I saw this article in the Star Tribune the other day and I just thought, “Moms are awesome!” We do all these regular mom things every day PLUS we are killing it online. Check out these two examples that are guaranteed to make you say, “That is SO me.”
The Wild Morning
This is a soon-to-be book and cool Instagram account that chronicles morning routines for moms in my neck of the woods. I mean these women are much more photogenic than I am, but basically we all tackle the same stuff while we’re trying to get caffeinated and make sure our humans are properly cleaned.
Cat & Nat: For Moms Like Us
The #momtruths on this YouTube channel will likely result in you peeing your pants (note: the chances are higher among moms of multiple children). Check out their website, I promise you’ll want to be friends with these two.
My husband gets up early because he is a productive human. I, on the other hand, will lay in bed until my alarm clock goes off, even if I’ve been awake for three hours. It feels like a waste if I don’t use up every minute of sedentary time available to me, because you know, my sales job is so physically strenuous. Meanwhile, Andy lifts entire walls over his head while standing on stilts (and balancing a ball on his nose and swallowing a flaming sword) and he can just pull an Elf, “I got a full 40 minutes of sleep!” Desk jobs are hard work, people.
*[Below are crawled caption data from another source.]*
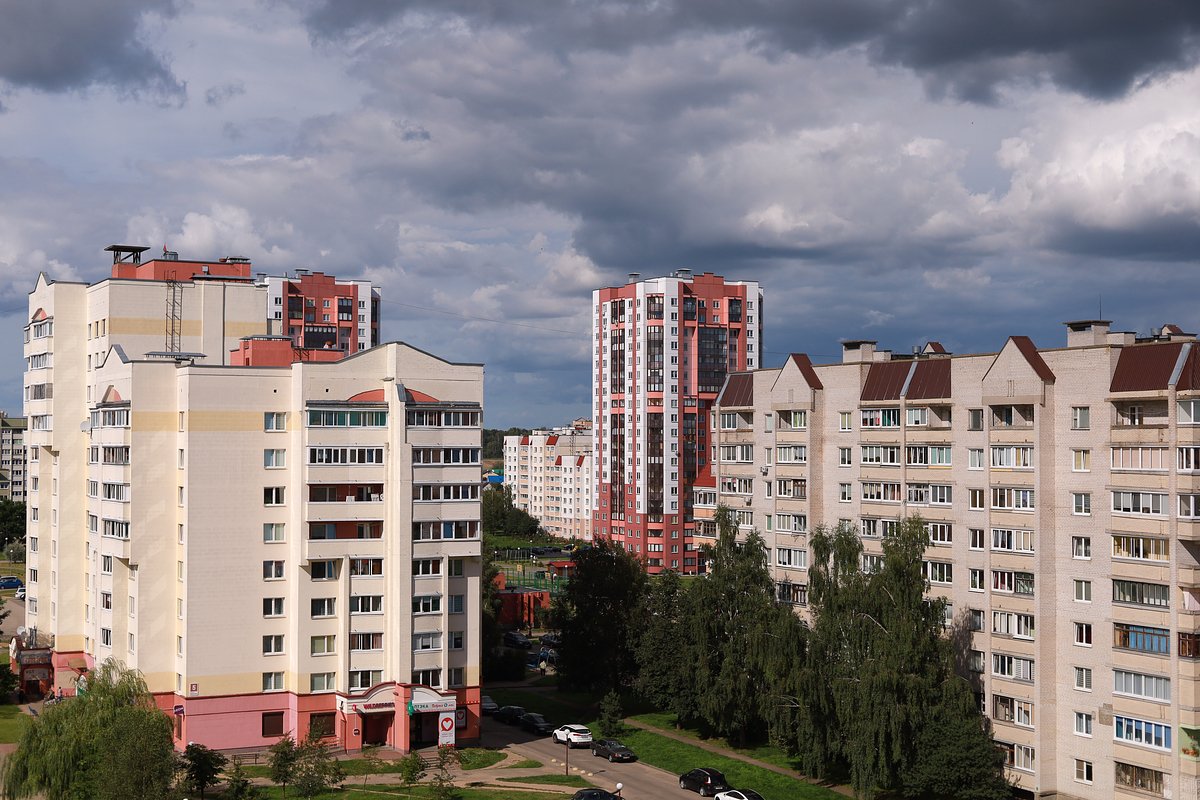 Гродно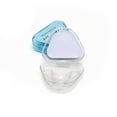 thumbnail image 4 of Férula dental Sailing dentadura postiza reutilizable para bruxismo transparencia suave, 4 of 4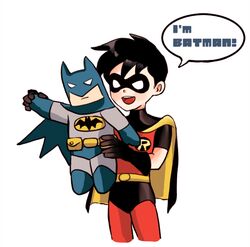 batman from batman (series)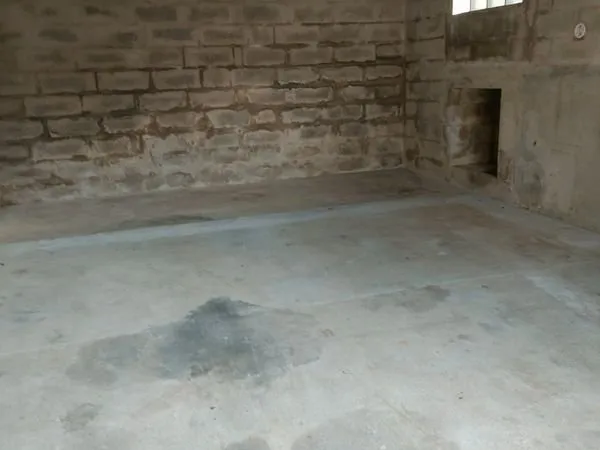 Location garage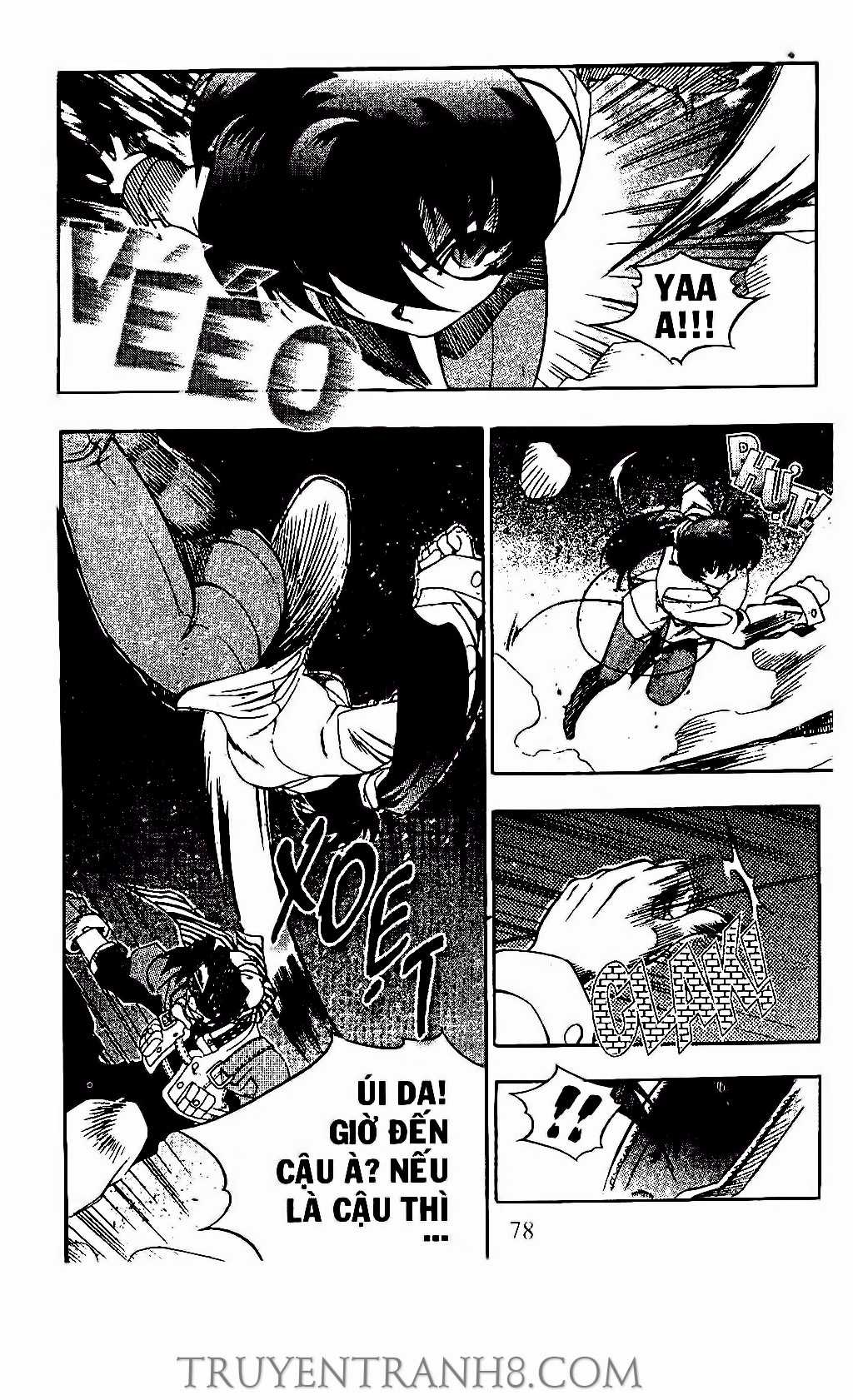 Western Shotgun - Chapter 149 - Trang 15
So Andy’s awake, doing all the things, and my mom thoughts start. For those of you who aren’t familiar, these are the strange things mothers worry about and fathers don’t. Mom thoughts often strike at 4am like a bolt of lighting, “When is 3K enrollment?!?” “Did I put that bill in the mail?!?” “Is Caroline’s winter coat too small?!?” The soundtrack to these thoughts is usually Andy snoring away in perfect slumber, while I rack my brain, trying to remember every detail of what I was supposed to accomplish in the last 72 hours. Usually I just internalize these worries and stew on them until some shitty Netflix crime show lulls me to sleep. Luckily for Andy, today he was awake to share in my anxiety. As he leaned over to kiss me goodbye, I blurted out this train of nonsense:
“Do you know where our sleeping bags are?”
“Can you check this boob for me? It hurts like hell. Is there a lump?”
“Do you think we should buy a double stroller?”
And this, folks, is what it’s like to be married to me.
P.S. I still have not found the sleeping bags, the cause of my injury was deemed to be a restless-legged toddler and I Craigslisted a duallie the next day. Not totally unproductive.